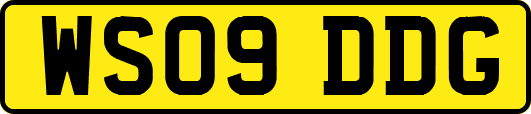 WS09DDG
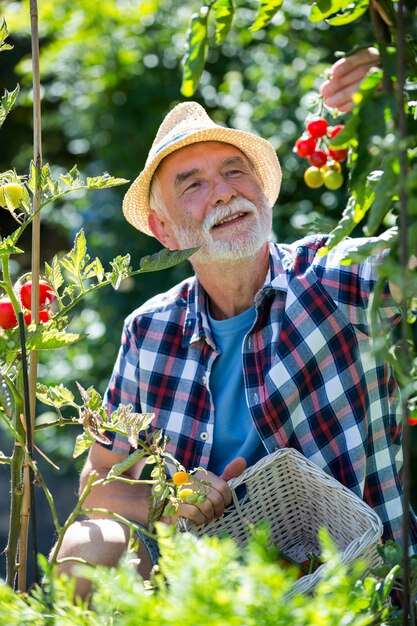 Älterer Mann, der Kirschtomate im Garten hält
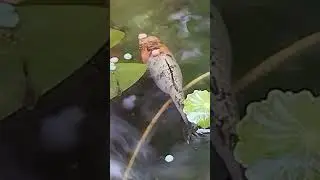 #trending #nature #aquarius #fish # animal#garden #hobby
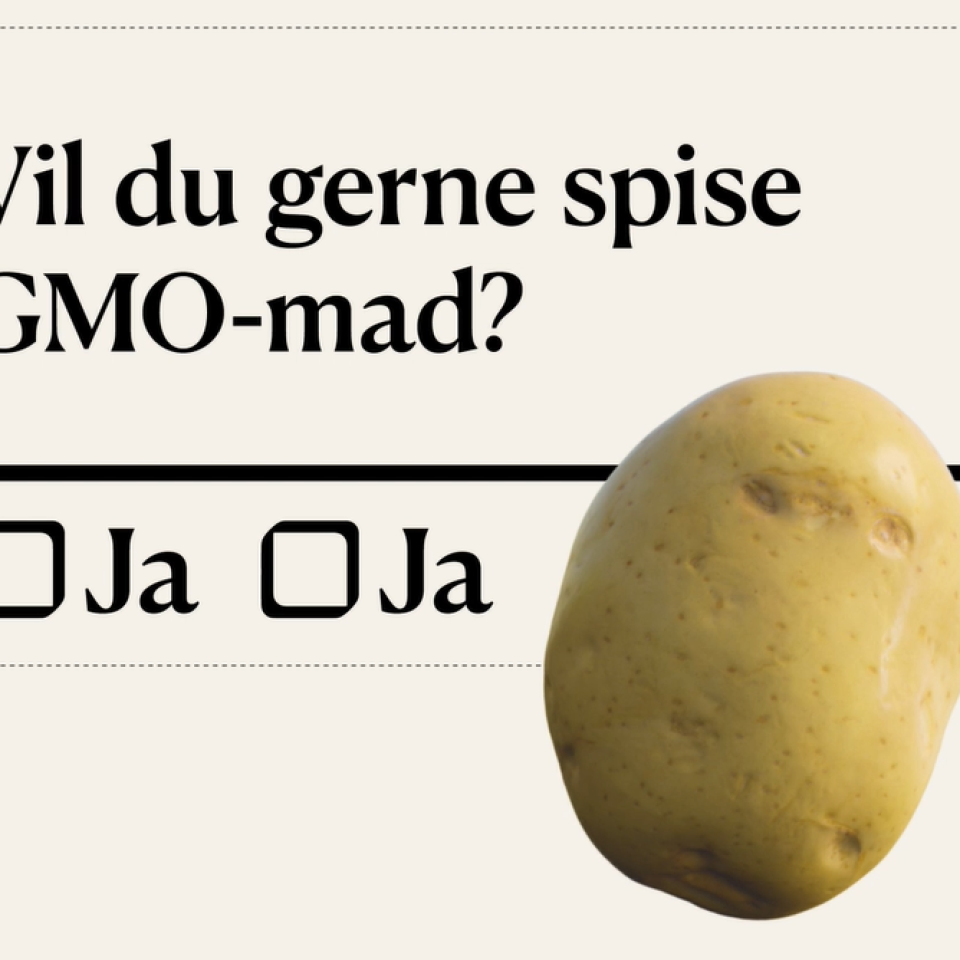 gmo potato gmo potato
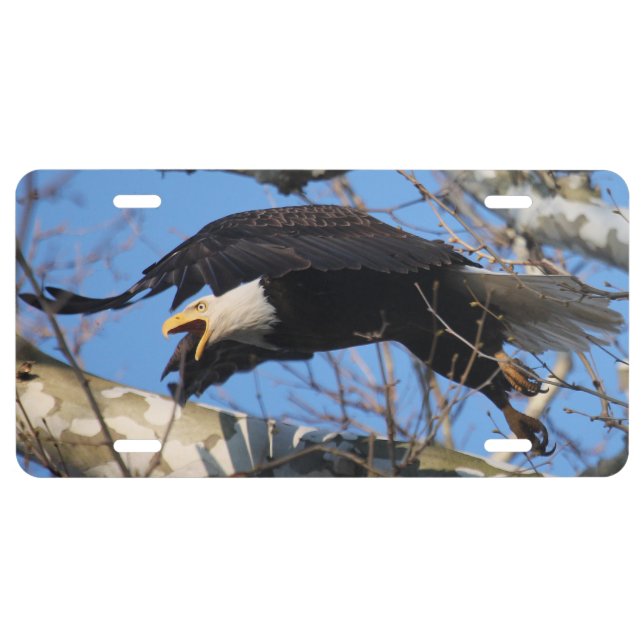 KMCphoto Bald Eagle License Plate (Front)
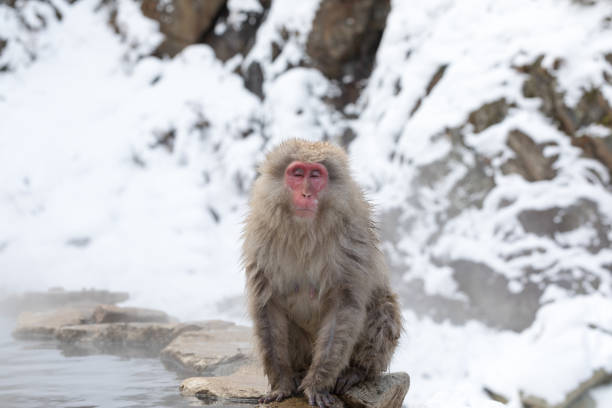 istock Japanese snow monkey in hot spring. 926663608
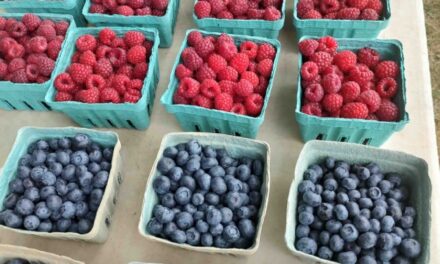 Annual West Seneca Farmers’ Market to kick off season on May 15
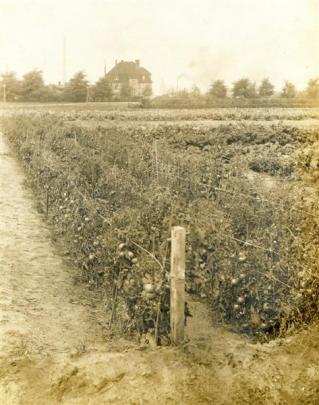 Outdoor tomatoes in the centre of the racecourse.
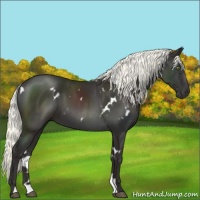 Horse Color:White Spotted Liver Chestnut Mushroom 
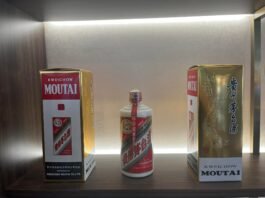 봄심과 술심이 주는 얘기를 그려보며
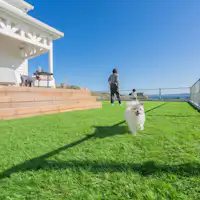 ลานวิ่งเล่นสำหรับสุนัขส่วนตัว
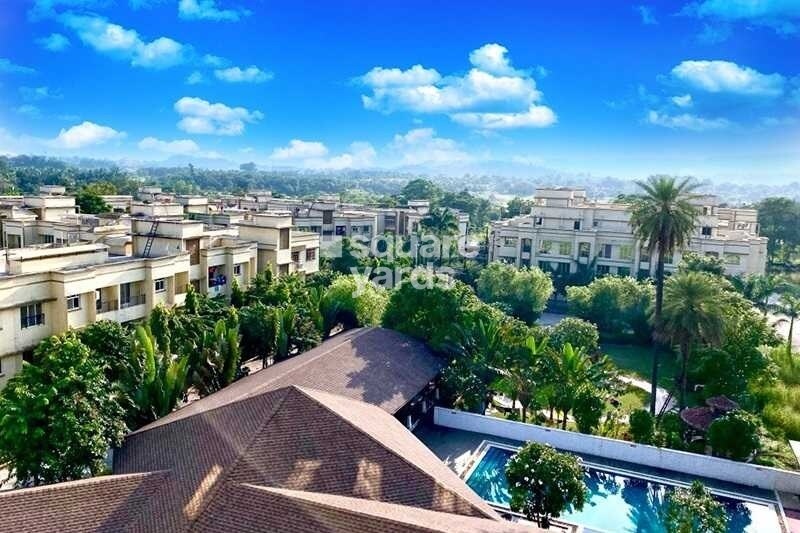 Jashnani Chintamani Habitat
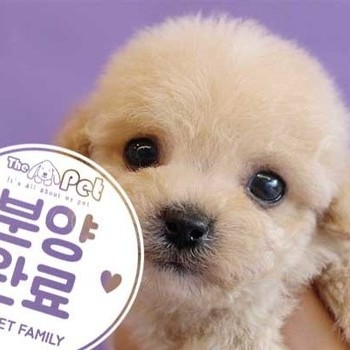 말티푸 ♂ 10.30 분양완료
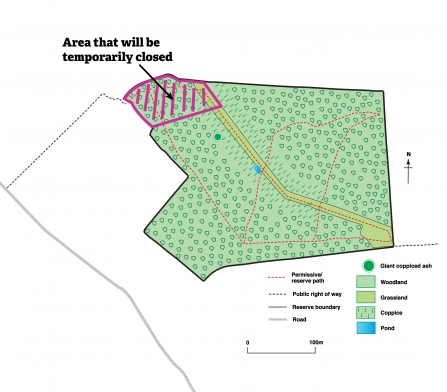 Lower Wood management work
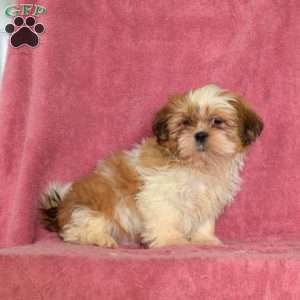Rigby, Shih Tzu Puppy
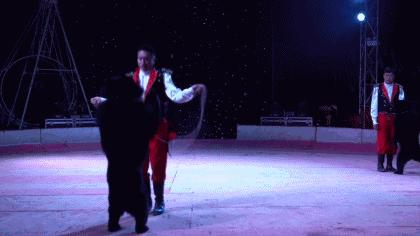 老虎和狮子分离了多久,狮子是百兽之王老虎是森林之王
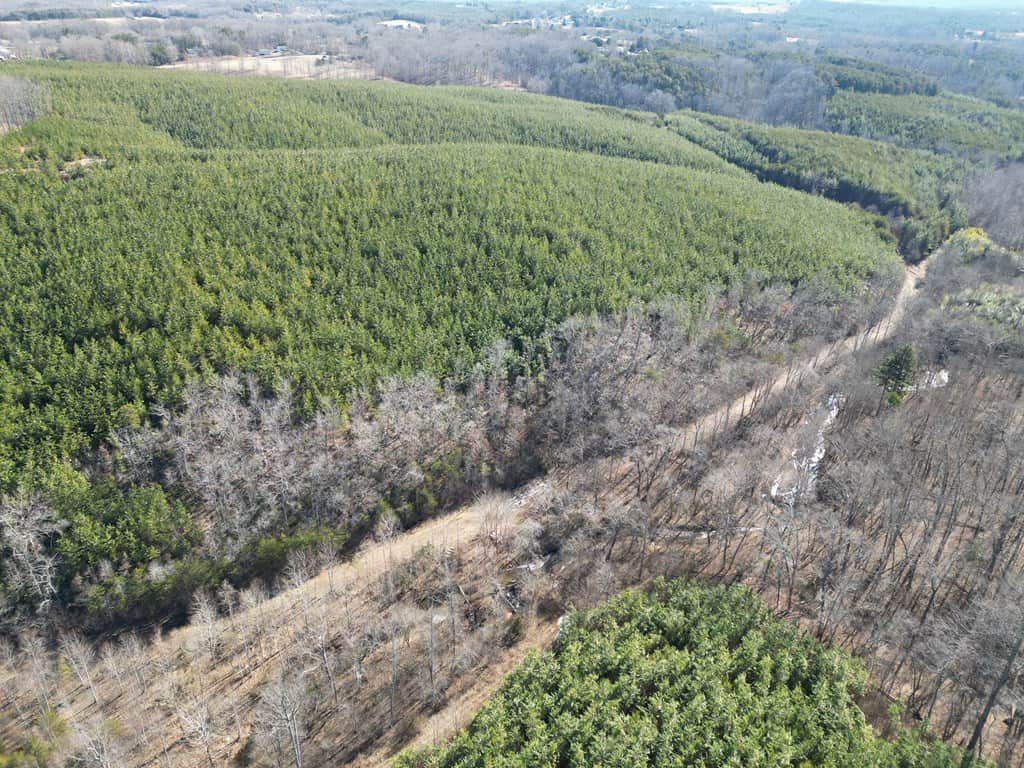 A Hunter’s Paradise: 219 Acres of Outdoor Splendor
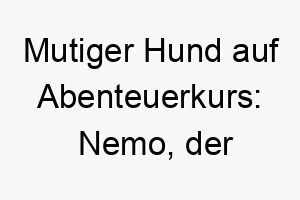 mutiger hund auf abenteuerkurs nemo der furchtlose fisch 23263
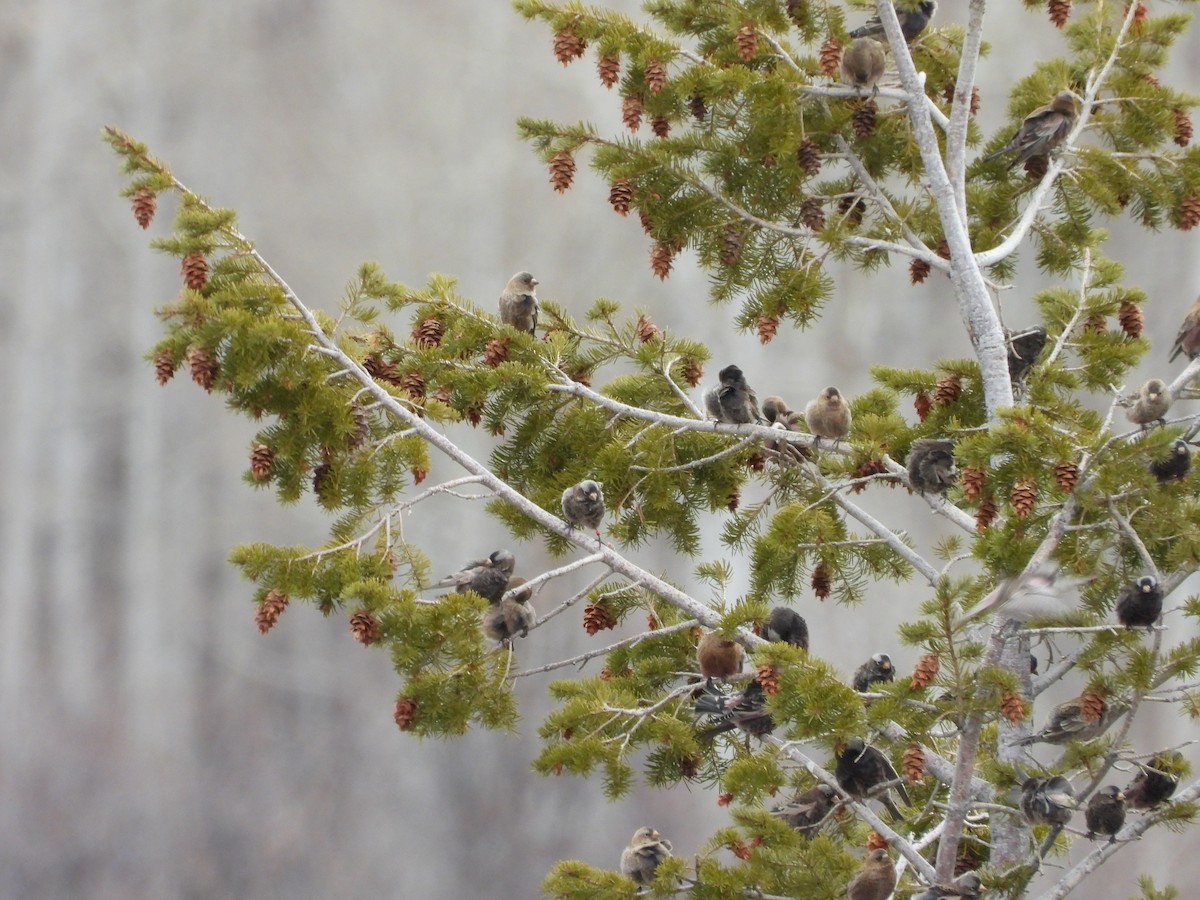 Black Rosy-Finch - ML647647363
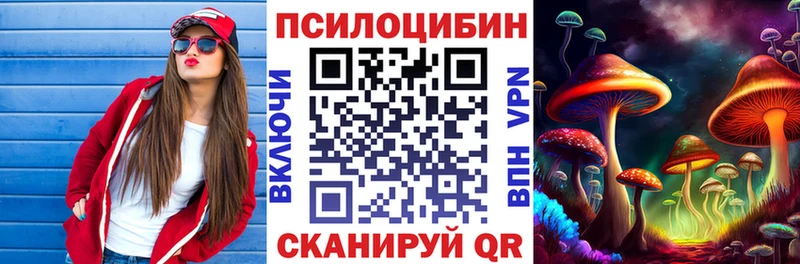 KRAKEN   купить наркотики сайты  Волхов  Псилоцибиновые грибы прущие грибы 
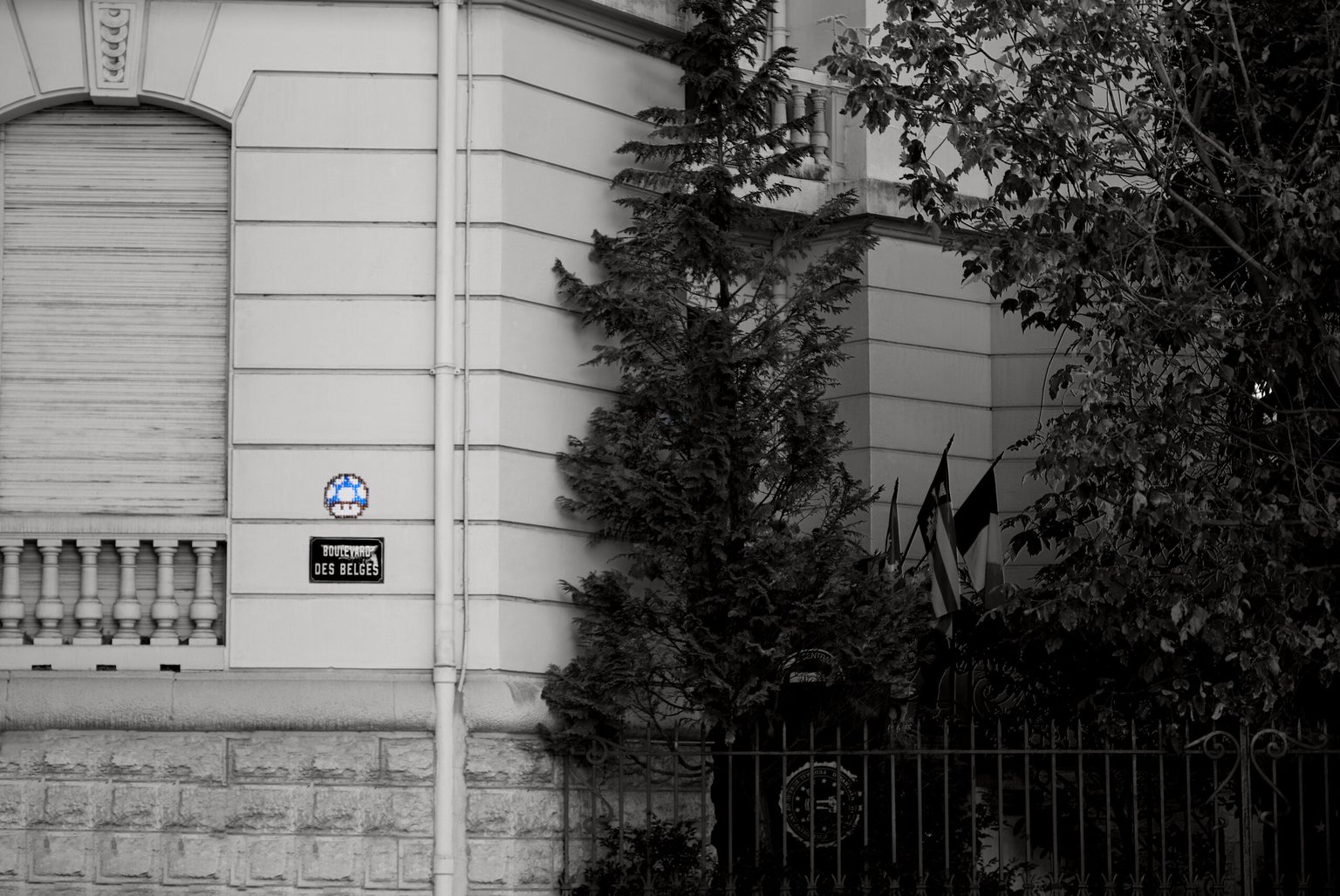 Appareil : X-T5 Focale : 55mm Ouverture : f/2.8 Vitesse : 1/180sec ISO : ISO-125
::::::::::
* **THE PROBLEM**: Word-for-word restatement: every line from the one with "Annual West Seneca" through the final line of the data, both ends included, pictures excluded.

* **RESPONSE BOX**:
 Annual West Seneca Farmers’ Market to kick off season on May 15
 Outdoor tomatoes in the centre of the racecourse.
 Horse Color:White Spotted Liver Chestnut Mushroom 
 봄심과 술심이 주는 얘기를 그려보며
 ลานวิ่งเล่นสำหรับสุนัขส่วนตัว
 Jashnani Chintamani Habitat
 말티푸 ♂ 10.30 분양완료
 Lower Wood management work
Rigby, Shih Tzu Puppy
 老虎和狮子分离了多久,狮子是百兽之王老虎是森林之王
 A Hunter’s Paradise: 219 Acres of Outdoor Splendor
 mutiger hund auf abenteuerkurs nemo der furchtlose fisch 23263
 Black Rosy-Finch - ML647647363
 KRAKEN   купить наркотики сайты  Волхов  Псилоцибиновые грибы прущие грибы 
 Appareil : X-T5 Focale : 55mm Ouverture : f/2.8 Vitesse : 1/180sec ISO : ISO-125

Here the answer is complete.